Sadtu is not, or not yet, on strike. But it is threatening to boycott union-government forums and to work to rule. Why? It wants Angie Motshekga, the minister of basic education, to resign. “If the minister does not submit her long-awaited resignation, we will limit our interaction with the department to the employment contract and strictly within the working hours only,” Mugwena Maluleke, the Sadtu leader, declared.
Many people inside and outside of government may be sympathetic to the call: Motshekga has been a disaster as a minister of education. More than that, she has been an embarrassment. But why does Sadtu want her to resign? Because she won’t give markers of matric exams a 100% pay increase – a rise apparently agreed upon two years ago but not implemented for cost reasons, which should perhaps have been obvious from the start.
Sadtu also pooh-poohs Motshekga’s proposed solution to the problem: she wants biometric tests carried out at every school to ensure teachers are in school and teaching. Sadtu is right to say this is a preposterous idea but the union also says it does not want its members to be “disciplined” by the state that employs them. Maluleke’s statement that “we will not take instruction from the ministry or department” sounds bizarrely unteacherly and more like a rebellious schoolchild refusing to be taught.
This, too, at a time when Public Service Minister Lindiwe Sisulu is unveiling ambitious and forceful plans to make sure South Africa gets the public servants it desperately needs – and that includes teachers.

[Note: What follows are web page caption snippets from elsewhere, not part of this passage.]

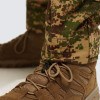Assault pants UATAC Gen 5.4 with knee pads Predator-Pixel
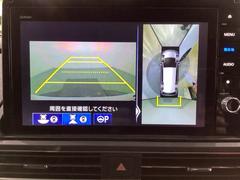 ޥӥ塼饷ƥܼ֤Ǥ֤μϤ̤ǥСޤξƤȡǥ󤬰볦Ǥ⥫顼˥˱ǤФɥ饤С򥵥ݡȤޤ 7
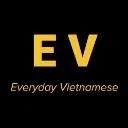 Logo Everyday Vietnamese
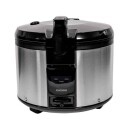 Cuckoo Rice Cooker SR-4600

The ongoing catastrophe that is basic education requires urgent remedial action, as shown by the ANC’s initiative to make teaching an “essential service”. Motshekga’s biometric idea echoes this desperate need for a solution. Neither may be workable, or make any difference, but at least they are attempts to imagine some action that could be taken. Sadtu offers nothing in the way of solutions apart from “pay us more money” and “don’t tell us what to do”.
However, it turns out (and we can’t see a happy outcome for anyone) the Motshekga-Sadtu barney is a sideshow to the real crisis – which neither party seems to grasp or, if they do grasp it, they misunderstand it: basic, structural issues have to be addressed.